Work item - The lines to return are those from the line holding "BALON FOLIOWY HAPPY" through the last line of the entries below, both included, written exactly and without pictures.
********************
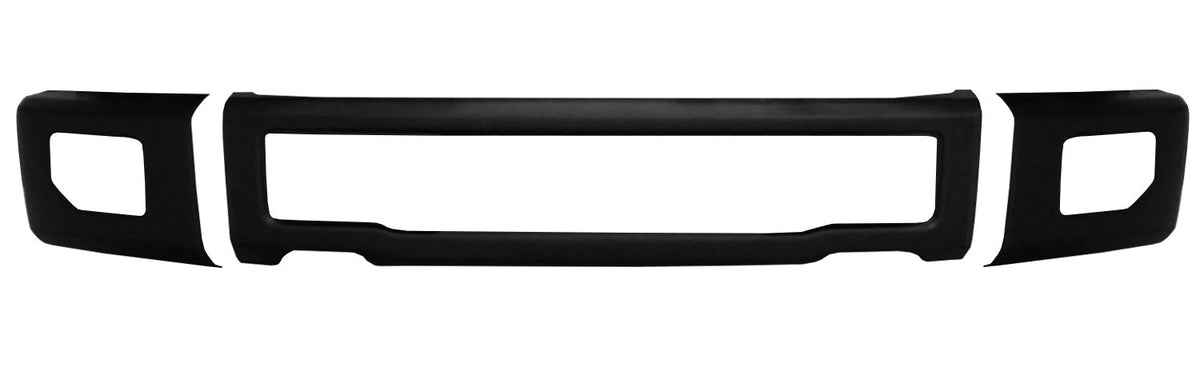 Matte Black 2015-2017 Ford F-150 Front Bumper Covers with fog lamp cutouts, Chrome Delete Kit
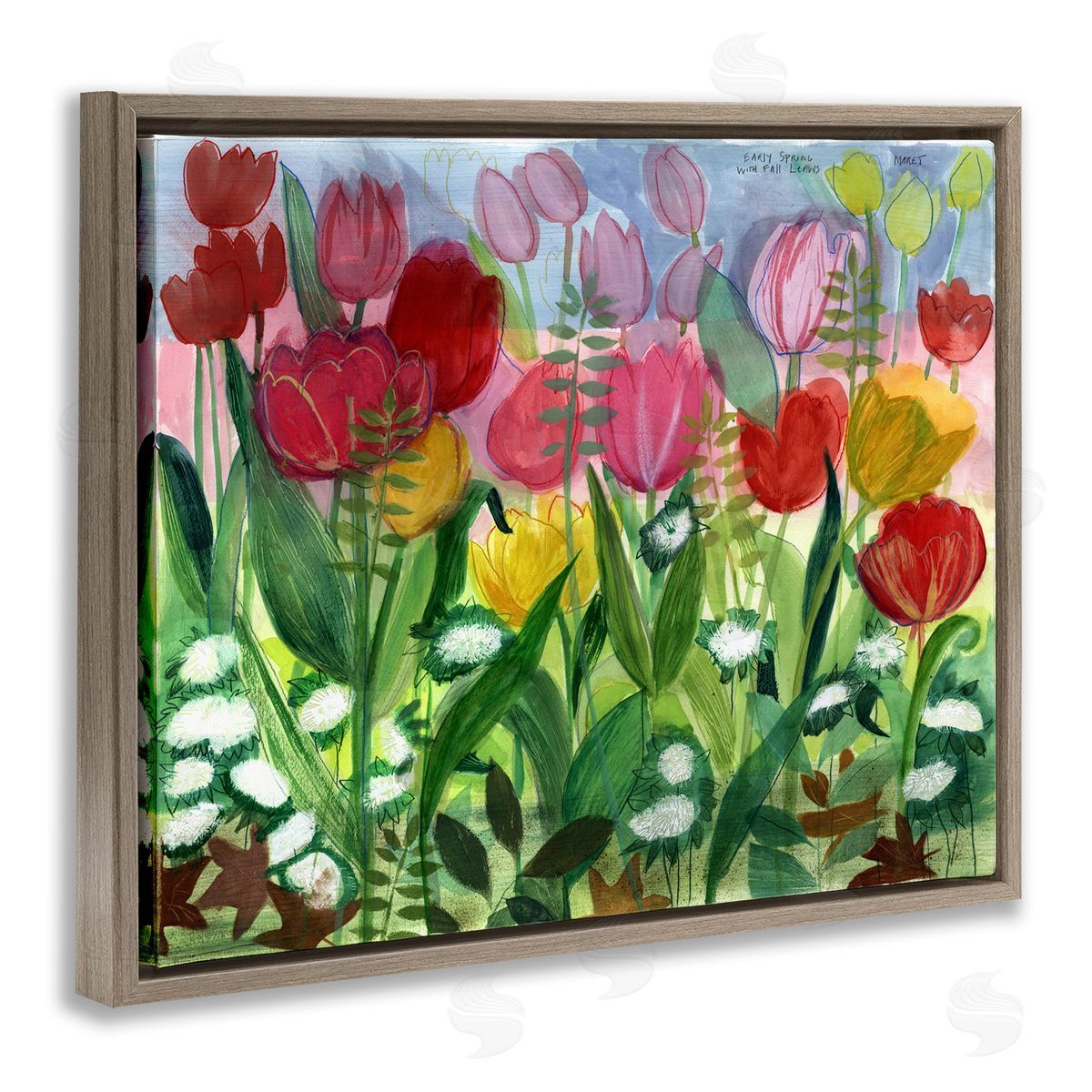Maret Hensick Lush Varied Spring Tulips Blooming Flower Meadow  Brown Floating Frame Canvas Wall Art Print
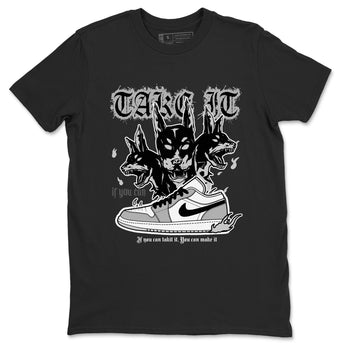 1s Wolf Grey shirts to match jordans Hell Hounds sneaker match tees Air Jordan 1 Wolf Grey SNRT Sneaker Tees streetwear brand Black 2 unisex cotton tee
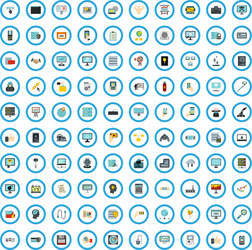 100 programming review icons set flat style vector image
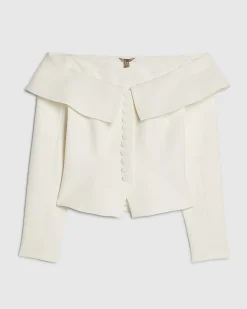 White Premium Structured Bardot Jacket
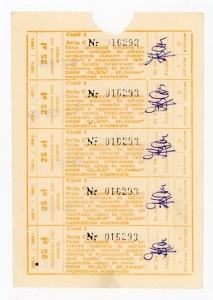 Recycled paper talons, Wroclaw province, 25 zloty 1985/1986 - uncut block of 5 pcs. (1019)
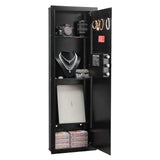 VEVOR Wall Safe, 4-Tier Hidden Wall Mounted Gun Safe with Password & Key, Q235 Cold-Rolled Steel In-Wall Box with LED Lighting, 3 Adjustable Shelves & Key Holders for Money, Jewelry, Passport, Black - Extra Image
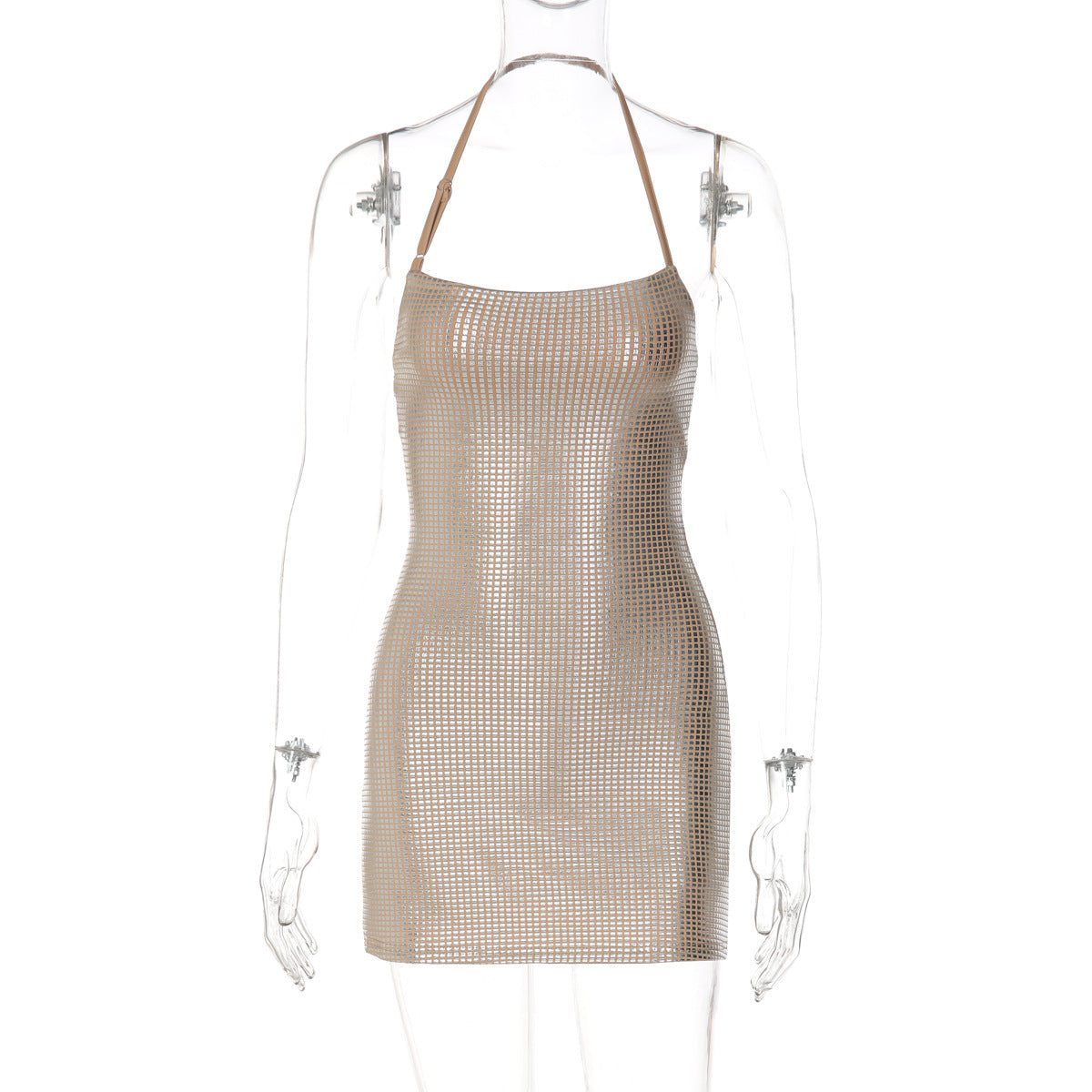 Halter Neck Short Dress with Reflective Design for Night Out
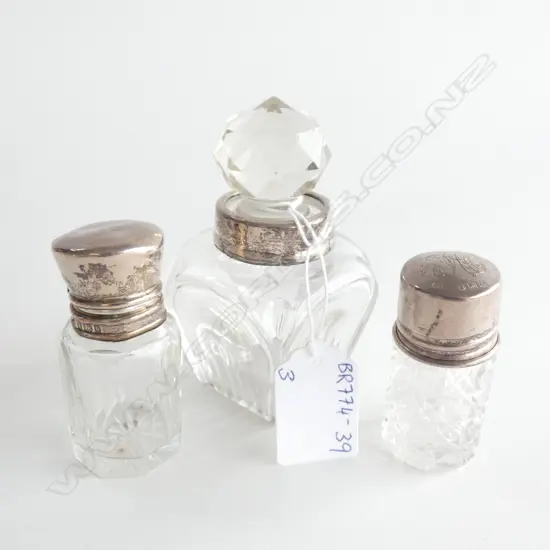 3 CUT GLASS & STG SILVER SCENT BOTTLES - ALL WITH STOPPERS INTACT  - TALLEST H. 95MM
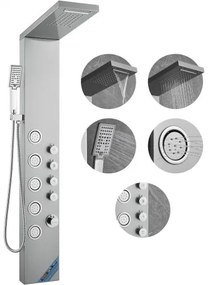 VEVOR Shower Panel System, 4 Shower Modes Shower Panel Tower, Rainfall, Waterfall, 5 Full Body Massage Jets and 3-Setting Handheld Shower Head with 59&quot; Hose, Stainless Steel Wall-Mounted Shower Set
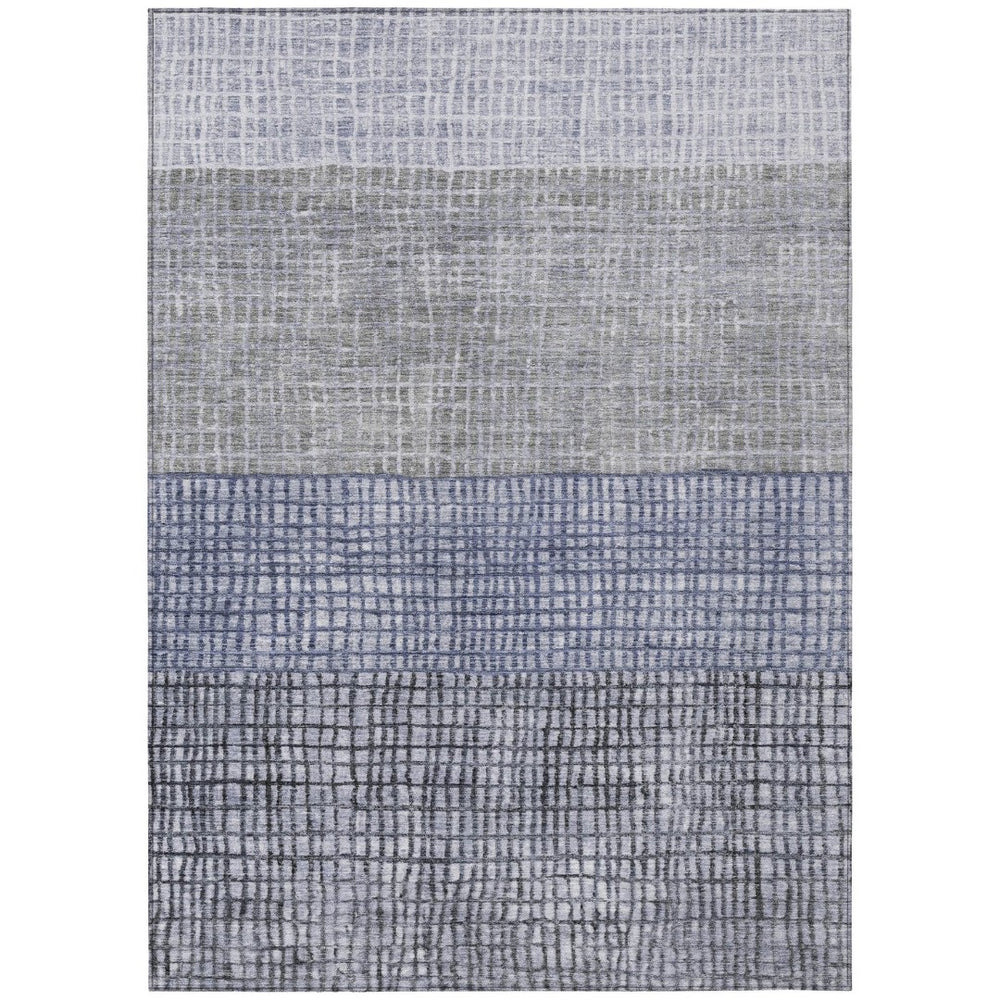 HomeRoots 8' X 10' Denim Blue & Ivory Geometric Washable Rug – Durable, Stylish, Indoor/Outdoor Versatility! 622015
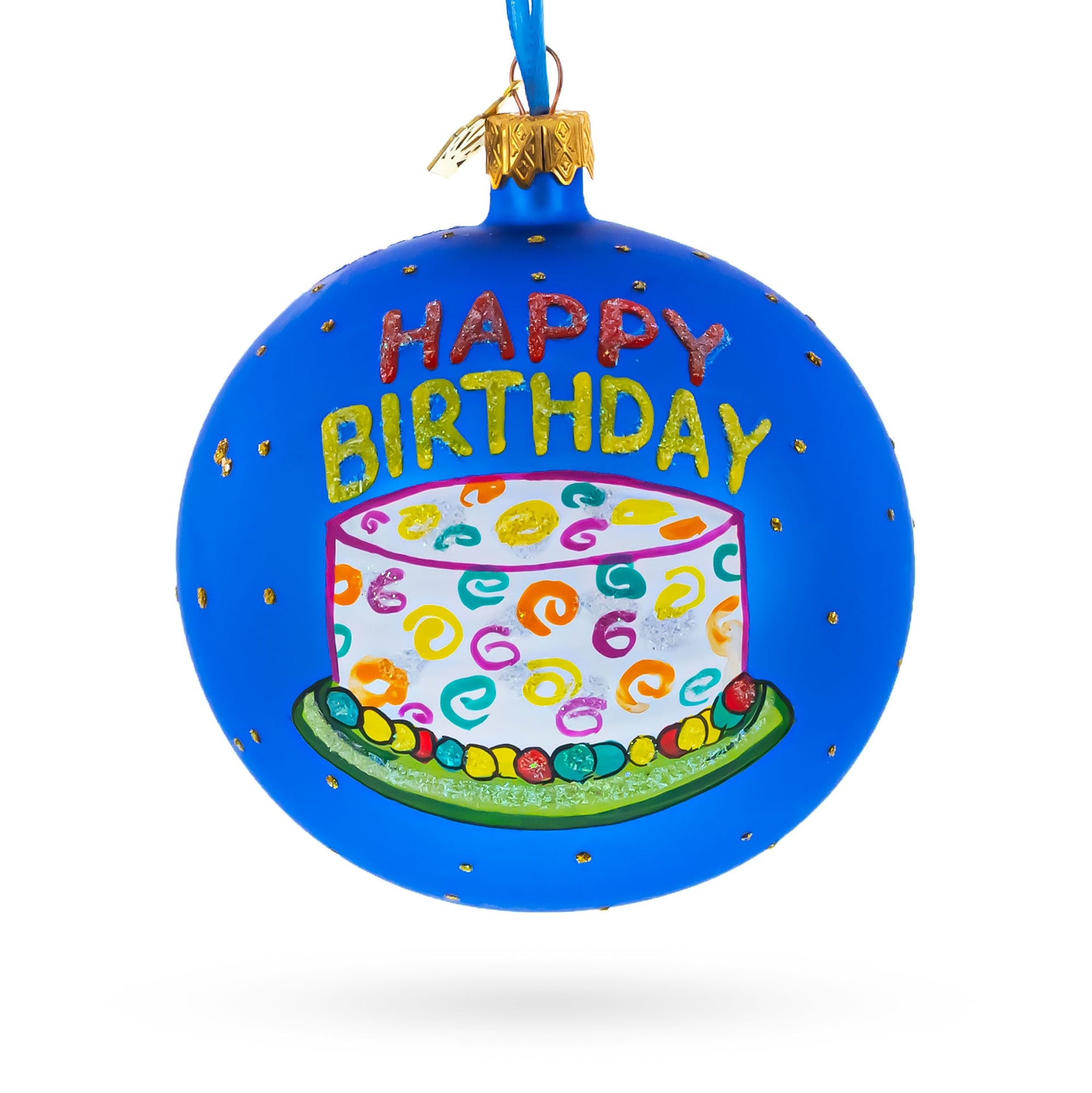 Happy Birthday Balloons & Cupcakes Glass Ball Christmas Ornament 4 Inches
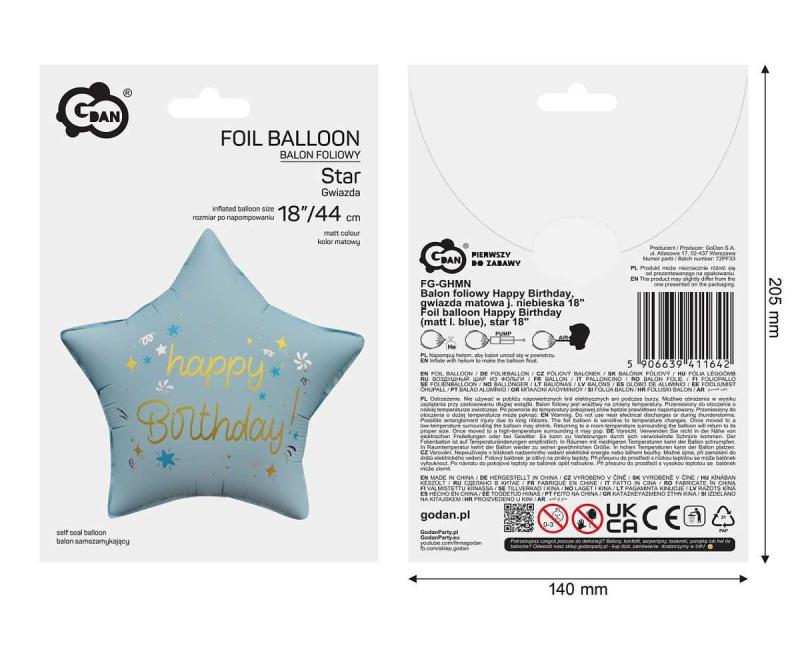 BALON FOLIOWY HAPPY BIRTHDAY GWIAZDA MATOWA JASNA NIEBIESKA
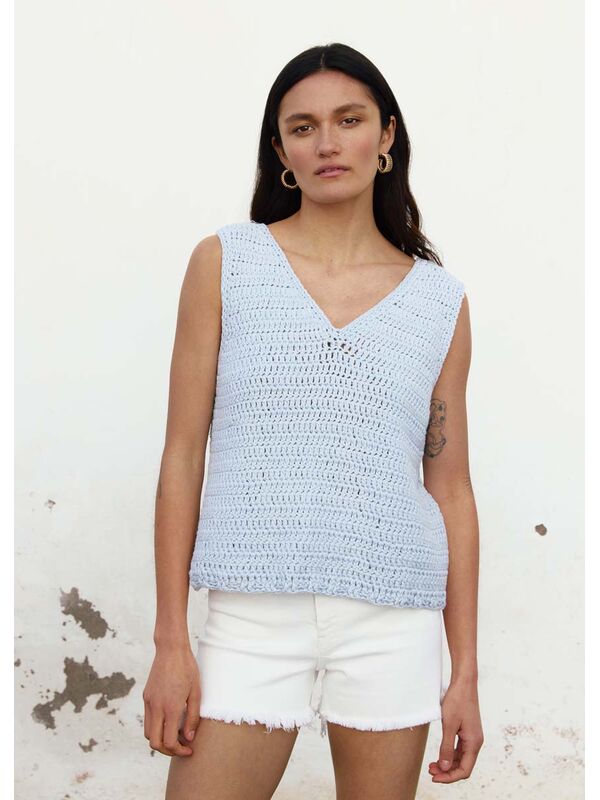 Lana Grossa HÆKLET TOP Natural Cotton - Hækleopskrift (NO)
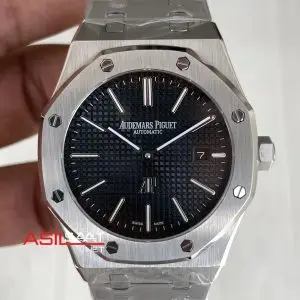 Audemars Piguet Royal Oak Jumbo Extra Thin Siyah Kadran 16202ST 50th Anniversary Replika Saat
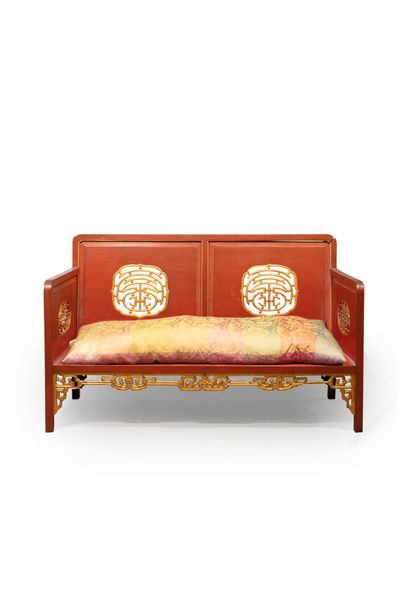 CHINE, Vers 1900	
Banc et deux fauteuils...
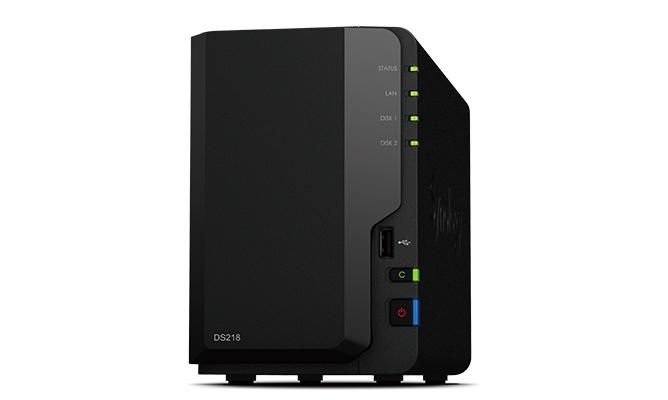 Synology DiskStation DS218, Realtek RTD1296 1.4 GHz, 2 GB DDR4, 2x 2.5/3.5" SATA, RJ-45, USB 2.0, 2x USB 3.0, 165x108x233.2 mm - W125282373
********************
Solution below -
 BALON FOLIOWY HAPPY BIRTHDAY GWIAZDA MATOWA JASNA NIEBIESKA
 Lana Grossa HÆKLET TOP Natural Cotton - Hækleopskrift (NO)
 Audemars Piguet Royal Oak Jumbo Extra Thin Siyah Kadran 16202ST 50th Anniversary Replika Saat
 CHINE, Vers 1900	
Banc et deux fauteuils...
 Synology DiskStation DS218, Realtek RTD1296 1.4 GHz, 2 GB DDR4, 2x 2.5/3.5" SATA, RJ-45, USB 2.0, 2x USB 3.0, 165x108x233.2 mm - W125282373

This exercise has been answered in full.